République Démocratique Populaire du Laos

Global Alienation

Pî Pop

En République Démocratique Populaire du Laos, des familles entières sont marginalisées sous prétexte d’être pî-pop -des vampires. Le village de Ban Dong Mak ngéo est un carrefour, un croisement de la superstition et de l’oppression totalitaire. Il regroupe deux communautés religieuses -les animistes et les catholiques- qui présentent un danger pour le Parti (nom qui désigne le parti unique qui se maintient sans partage au pouvoir depuis 1975).

Même si la liberté de culte est officielle au Laos, les communautés religieuses représentent une menace pour un pouvoir qui veut avoir contrôle sur tous les esprits. Les catholiques sont ainsi tolérés mais étroitement surveillés. De leur côté, les animistes sont victimes de la superstition.

Un début. C’est bien ce qui manquera à ce texte. Une amorce. Et s’il manque un début, c’est parce que je me suis aperçu à la fin qu’il n’y avait rien pour les aider. Ni religion, ni orgueil, ni appartenance, ni vengeance. Rien.

 

Je recommence. En passant par la fin.

On est à l’approche du 2 décembre, le jour de l’indépendance. Le jour de l’Unité Nationale et de la Libération. Je venais pour la dernière fois dans ce village. Sans le savoir. 

 

Ban Dong Mak Ngéo. Un village portant le nom d’un fruit qui n’existe plus.
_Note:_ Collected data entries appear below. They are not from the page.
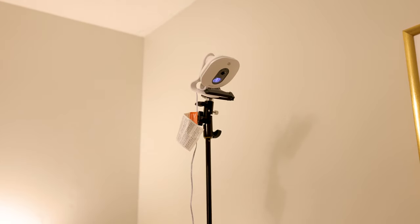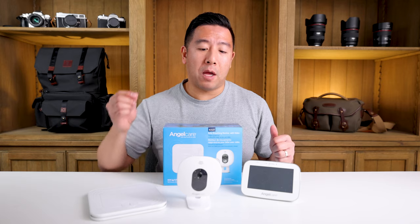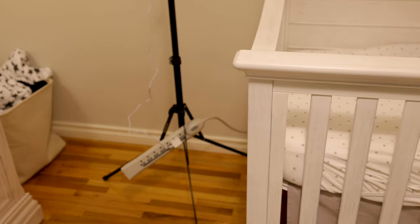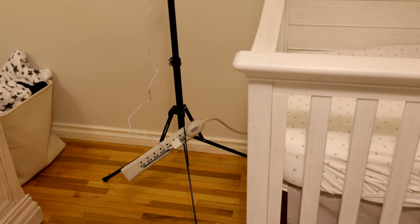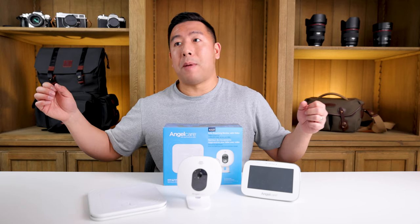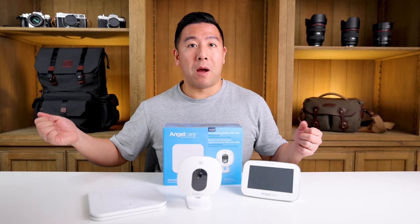The worst thing is the power cable that comes with this system is not long enough — it's about five feet too short. If you mount it at even five feet high, the cable dangles, and I actually had to daisy-chain two power bars to reach my wall outlet.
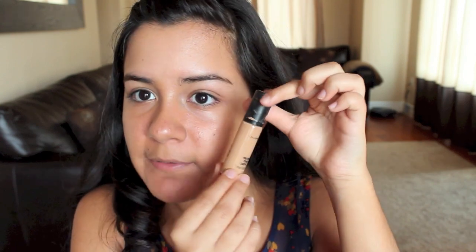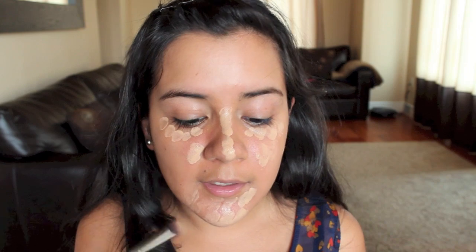Next, I'm going to be applying concealer. I'm using the MAC Pro Longwear Concealer in NW25. This is a concealer I don't use on a daily basis because it's rather heavy, but for pictures I'd definitely go for a heavier concealer — it's one of those occasions where I'd prefer a little bit too much than too little. I'm going in with a Sigma Precision Flat P80 blending brush to buff that out.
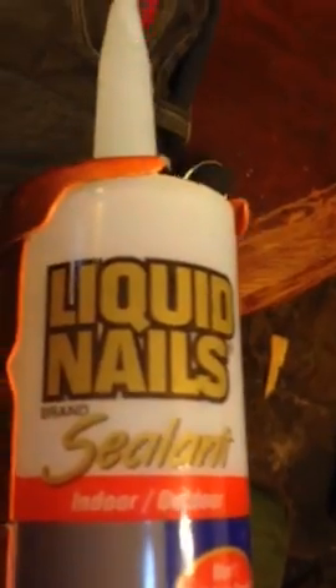Okay, no repairing that thing. Tried everything that I know, so I'm going to resort to my Liquid Nails silicone rubber.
L’unité nationale, ça se dirige. Comme tout le reste. Et mieux que tout le reste. La ferveur obligatoire en plus. Alors je reconnais tous ceux que je suis venu visiter, rassemblés autour d’un discours plein de consignes, un discours faussement enthousiaste mais vraiment hargneux, planté sur le petit haut d’une caisse en bois. Ils l’écoutent. Sans questions. Sans agitation. Sans protestations. Sans semblant d’intérêt. Ils feront ce qu’on leur laisse d’ordres, le jour venu. Comme tous les autres laos. Et pas moins que les autres. J’en suis sûr. Mais j’en suis encore plus écœuré. Ce n’est décemment pas ici que le Parti doit venir retendre son autorité. En directeur de conscience. Et se faire devenir Dieu. 

 

Ban Dong Mak Ngéo n’est pas seulement un village au bord de la fête nationale. C’est aussi un village dans lequel on laisse pourrir des centaines de laos dont on ne veut pas. Dont on ne veut absolument pas. Ils y pourrissent. Il ne faut pas le dire autrement. A moins de vouloir mentir. Tous sont déclarés Pî Pop.

VAMPIRES

La liberté du culte est officielle au Laos. Comme tous les autres droits fondamentaux. Et elle est bafouée. Comme tous les autres droits fondamentaux. La constitution l’atteste : vous pouvez pratiquer la religion que vous désirez. Toutes les religions, sans exception. A condition qu’elles ne viennent pas marcher sur ce que dit le Parti. Si elles ne viennent pas désenclaver la conscience de chacun. Des catholiques vous le disent à Savannakhet, ou à Vientiane. Des musulmans et des protestants également. Ils ne sont pas « à l’aise ». Tout ce qui est marginal reste soupçonné. Tout minoritaire qu’il soit. On gagne sa tranquillité dans la masse, pas dans ses marges.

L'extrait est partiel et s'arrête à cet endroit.